Let's go into more detail below
-
Visual Web Scraping Tools: these allow you to easily
build your own web scraper without needing any coding skills. Dexi.io,
Portia and ParseHub are some tools that you can use to crawl a website
and extract relevant data without using any code.
-
Web Scraping Frameworks: if you are a seasoned
coder, you can benefit from these tools to create your own scraper and
efficiently obtain data from a website. Scrapy, for example, is an open
source tool you can use with Python. Wombat is also a powerful scraping
tool written in Ruby.
APIs
If you are a developer, you can use APIs to connect with different
websites and social media platforms and obtain useful data. Facebook,
Twitter, and Instagram, for example, have their own APIs and allow you
to extract data from their platforms. Major media outlets like the New
York Times or The Guardian also have their own APIs and you can use them
to search their archive or gather users' comments, among other things.
Open Data
This is free data from the Web, which can be used for any purpose.
You can search for data by topic on websites like Kaggle and Quandl.
Data Preparation
In order to automatically analyze text with machine learning, there
is some preparation data needs to go through. Most of this is done
automatically and you won't even notice it's being done. However, it's
important to understand that automatic text analysis makes use of a
number of
Natural Language Processing techniques
(NLP) and processes that you might be unaware of. The output of these
processes will help build the input of the machine learning models you
create to analyze your data.
Tokenization, Part-of-speech Tagging, and Parsing
The first thing a text analysis system needs to take care of is recognizing what units it will analyze. This is known as
tokenization. In other words,
tokenization
refers to the process of breaking up a string of characters into
semantically meaningful parts that can be analyzed (e.g., words) while
discarding meaningless chunks (e.g. whitespaces).

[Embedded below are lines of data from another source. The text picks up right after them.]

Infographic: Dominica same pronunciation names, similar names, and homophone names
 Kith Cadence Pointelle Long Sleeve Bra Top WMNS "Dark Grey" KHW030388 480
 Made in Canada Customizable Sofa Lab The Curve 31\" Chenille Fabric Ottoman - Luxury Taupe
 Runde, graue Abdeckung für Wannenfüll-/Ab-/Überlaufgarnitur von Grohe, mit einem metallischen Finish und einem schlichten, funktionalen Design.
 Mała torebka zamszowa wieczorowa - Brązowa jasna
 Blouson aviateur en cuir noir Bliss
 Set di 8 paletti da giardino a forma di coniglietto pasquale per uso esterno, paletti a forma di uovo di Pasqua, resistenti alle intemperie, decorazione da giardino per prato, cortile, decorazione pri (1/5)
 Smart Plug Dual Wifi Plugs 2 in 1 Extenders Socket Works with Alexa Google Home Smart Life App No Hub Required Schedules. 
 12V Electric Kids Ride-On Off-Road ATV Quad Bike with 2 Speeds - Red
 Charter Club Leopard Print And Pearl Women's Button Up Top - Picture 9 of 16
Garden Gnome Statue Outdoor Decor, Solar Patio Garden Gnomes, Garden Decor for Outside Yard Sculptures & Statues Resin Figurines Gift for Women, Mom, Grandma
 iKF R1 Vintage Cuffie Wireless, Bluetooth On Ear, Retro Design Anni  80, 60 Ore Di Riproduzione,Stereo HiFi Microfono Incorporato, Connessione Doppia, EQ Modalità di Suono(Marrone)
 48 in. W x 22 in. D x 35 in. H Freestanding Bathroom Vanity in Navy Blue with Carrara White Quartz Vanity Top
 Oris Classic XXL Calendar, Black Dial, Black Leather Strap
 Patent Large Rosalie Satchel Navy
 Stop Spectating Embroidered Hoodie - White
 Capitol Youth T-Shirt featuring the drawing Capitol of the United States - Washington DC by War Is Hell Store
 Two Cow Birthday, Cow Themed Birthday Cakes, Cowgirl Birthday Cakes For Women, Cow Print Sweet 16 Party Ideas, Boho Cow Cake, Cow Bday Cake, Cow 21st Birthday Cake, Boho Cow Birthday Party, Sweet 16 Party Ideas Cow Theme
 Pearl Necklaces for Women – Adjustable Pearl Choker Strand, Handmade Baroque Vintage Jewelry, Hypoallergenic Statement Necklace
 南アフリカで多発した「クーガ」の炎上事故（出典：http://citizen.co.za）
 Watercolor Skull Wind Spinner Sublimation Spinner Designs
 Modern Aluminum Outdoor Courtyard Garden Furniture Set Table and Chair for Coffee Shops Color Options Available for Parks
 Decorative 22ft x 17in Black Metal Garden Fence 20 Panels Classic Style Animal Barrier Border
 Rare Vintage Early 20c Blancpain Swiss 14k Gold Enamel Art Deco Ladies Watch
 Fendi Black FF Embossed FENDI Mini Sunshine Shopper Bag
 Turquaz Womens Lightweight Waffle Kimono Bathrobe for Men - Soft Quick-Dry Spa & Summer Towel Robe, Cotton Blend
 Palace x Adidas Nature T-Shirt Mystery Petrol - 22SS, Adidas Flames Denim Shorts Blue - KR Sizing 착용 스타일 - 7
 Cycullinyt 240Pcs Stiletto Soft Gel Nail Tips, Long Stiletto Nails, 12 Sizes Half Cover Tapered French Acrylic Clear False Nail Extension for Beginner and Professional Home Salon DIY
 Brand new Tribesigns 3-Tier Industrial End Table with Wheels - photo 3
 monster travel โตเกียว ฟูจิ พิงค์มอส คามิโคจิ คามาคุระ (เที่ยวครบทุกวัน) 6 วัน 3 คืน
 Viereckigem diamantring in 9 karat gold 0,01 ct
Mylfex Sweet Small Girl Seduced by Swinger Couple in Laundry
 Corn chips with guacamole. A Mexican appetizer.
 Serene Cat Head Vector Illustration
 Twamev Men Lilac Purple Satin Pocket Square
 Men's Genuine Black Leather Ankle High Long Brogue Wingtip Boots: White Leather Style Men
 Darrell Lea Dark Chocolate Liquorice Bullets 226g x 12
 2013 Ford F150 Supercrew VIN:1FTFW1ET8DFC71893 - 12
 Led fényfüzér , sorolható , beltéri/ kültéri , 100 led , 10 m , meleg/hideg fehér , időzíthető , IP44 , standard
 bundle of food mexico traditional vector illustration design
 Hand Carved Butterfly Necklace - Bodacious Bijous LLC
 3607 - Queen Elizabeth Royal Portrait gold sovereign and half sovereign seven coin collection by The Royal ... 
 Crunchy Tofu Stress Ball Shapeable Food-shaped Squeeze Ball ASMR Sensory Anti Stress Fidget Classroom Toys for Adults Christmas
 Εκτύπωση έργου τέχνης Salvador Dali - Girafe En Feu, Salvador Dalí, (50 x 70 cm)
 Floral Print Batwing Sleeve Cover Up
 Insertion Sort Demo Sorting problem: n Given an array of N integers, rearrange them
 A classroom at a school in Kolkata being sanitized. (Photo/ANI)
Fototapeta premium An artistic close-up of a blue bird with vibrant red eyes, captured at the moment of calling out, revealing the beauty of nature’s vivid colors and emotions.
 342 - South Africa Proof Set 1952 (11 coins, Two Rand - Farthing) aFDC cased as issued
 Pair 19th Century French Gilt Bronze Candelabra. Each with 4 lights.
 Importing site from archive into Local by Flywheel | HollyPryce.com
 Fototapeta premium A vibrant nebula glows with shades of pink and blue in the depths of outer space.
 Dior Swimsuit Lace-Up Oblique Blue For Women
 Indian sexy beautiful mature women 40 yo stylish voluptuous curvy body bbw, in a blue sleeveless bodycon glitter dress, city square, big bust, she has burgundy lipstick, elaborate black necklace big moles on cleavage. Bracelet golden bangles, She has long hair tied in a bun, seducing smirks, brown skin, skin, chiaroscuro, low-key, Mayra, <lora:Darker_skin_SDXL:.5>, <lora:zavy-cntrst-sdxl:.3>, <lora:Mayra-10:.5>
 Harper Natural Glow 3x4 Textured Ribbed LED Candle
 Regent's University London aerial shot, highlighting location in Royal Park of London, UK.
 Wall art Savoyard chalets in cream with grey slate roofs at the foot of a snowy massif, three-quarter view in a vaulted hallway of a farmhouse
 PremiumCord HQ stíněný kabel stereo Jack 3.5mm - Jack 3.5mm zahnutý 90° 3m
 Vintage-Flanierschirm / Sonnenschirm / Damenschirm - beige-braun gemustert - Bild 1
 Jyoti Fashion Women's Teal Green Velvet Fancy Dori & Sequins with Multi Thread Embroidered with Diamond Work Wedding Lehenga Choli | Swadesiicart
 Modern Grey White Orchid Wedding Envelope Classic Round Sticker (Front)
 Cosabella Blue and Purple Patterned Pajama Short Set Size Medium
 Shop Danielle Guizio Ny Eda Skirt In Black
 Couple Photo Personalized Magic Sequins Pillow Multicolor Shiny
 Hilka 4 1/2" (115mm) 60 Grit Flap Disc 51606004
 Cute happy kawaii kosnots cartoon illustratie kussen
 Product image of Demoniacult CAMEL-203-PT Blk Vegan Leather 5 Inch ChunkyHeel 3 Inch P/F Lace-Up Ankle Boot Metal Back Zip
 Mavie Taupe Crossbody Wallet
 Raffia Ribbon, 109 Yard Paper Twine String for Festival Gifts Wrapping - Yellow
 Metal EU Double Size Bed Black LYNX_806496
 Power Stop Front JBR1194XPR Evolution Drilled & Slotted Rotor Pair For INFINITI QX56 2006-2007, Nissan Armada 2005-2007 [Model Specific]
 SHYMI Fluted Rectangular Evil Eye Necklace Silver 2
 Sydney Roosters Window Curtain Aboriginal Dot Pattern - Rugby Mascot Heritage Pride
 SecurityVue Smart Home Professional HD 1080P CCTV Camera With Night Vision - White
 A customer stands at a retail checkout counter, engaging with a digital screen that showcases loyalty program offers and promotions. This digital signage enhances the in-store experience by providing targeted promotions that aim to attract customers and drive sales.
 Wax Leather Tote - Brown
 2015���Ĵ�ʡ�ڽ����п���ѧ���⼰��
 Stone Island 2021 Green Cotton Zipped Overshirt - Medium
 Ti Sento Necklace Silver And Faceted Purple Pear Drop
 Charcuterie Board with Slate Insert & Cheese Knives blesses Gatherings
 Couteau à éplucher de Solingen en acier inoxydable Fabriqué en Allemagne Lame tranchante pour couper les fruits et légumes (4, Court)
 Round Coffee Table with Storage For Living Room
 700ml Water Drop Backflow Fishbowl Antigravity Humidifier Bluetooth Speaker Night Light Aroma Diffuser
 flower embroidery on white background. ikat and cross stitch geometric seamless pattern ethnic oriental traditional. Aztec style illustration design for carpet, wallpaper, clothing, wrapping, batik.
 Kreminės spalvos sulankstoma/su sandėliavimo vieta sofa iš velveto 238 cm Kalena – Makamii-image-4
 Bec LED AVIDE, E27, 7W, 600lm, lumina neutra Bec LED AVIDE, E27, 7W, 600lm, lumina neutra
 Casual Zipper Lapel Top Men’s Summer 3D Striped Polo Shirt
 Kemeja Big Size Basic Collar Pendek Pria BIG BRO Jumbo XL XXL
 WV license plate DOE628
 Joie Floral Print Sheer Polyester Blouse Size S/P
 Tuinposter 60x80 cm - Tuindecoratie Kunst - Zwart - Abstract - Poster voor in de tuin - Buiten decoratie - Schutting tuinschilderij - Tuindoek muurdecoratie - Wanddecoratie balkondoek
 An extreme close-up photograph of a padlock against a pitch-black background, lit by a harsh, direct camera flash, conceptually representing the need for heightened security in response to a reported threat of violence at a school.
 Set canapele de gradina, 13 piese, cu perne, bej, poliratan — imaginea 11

The examples below show two different ways in which one could tokenize the string
'Analyzing text is not that hard'.
(Incorrect): Analyzing text is not that hard. = [“Analyz”, “ing text”, “is n”, “ot that”, “hard.”]
(Correct): Analyzing text is not that hard. = [“Analyzing”, “text”, “is”, “not”, “that”, “hard”, “.”]
Once the tokens have been recognized, it's time to
categorize them.
Part-of-speech tagging refers to the process of assigning a grammatical category, such as noun, verb, etc. to the tokens that have been detected.
Here are the PoS tags of the tokens from the sentence above:
“Analyzing”: VERB, “text”: NOUN, “is”: VERB, “not”: ADV, “that”: ADV, “hard”: ADJ, “.”: PUNCT
With all the categorized tokens and a language model (i.e. a
grammar), the system can now create more complex representations of the
texts it will analyze. This process is known as
parsing. In other words,
parsing
refers to the process of determining the syntactic structure of a text.
To do this, the parsing algorithm makes use of a grammar of the
language the text has been written in. Different representations will
result from the parsing of the same text with different grammars.
The examples below show the dependency and constituency representations of the sentence
'Analyzing text is not that hard'.
Dependency Parsing
Dependency grammars can be defined as grammars that establish directed relations between the words of sentences.
Dependency parsing is the process of using a dependency grammar to determine the syntactic structure of a sentence:
Constituency Parsing
Constituency Phrase Structure Grammars
model syntactic structures by making use of abstract nodes associated
to words and other abstract categories (depending on the type of
grammar) and undirected relations between them.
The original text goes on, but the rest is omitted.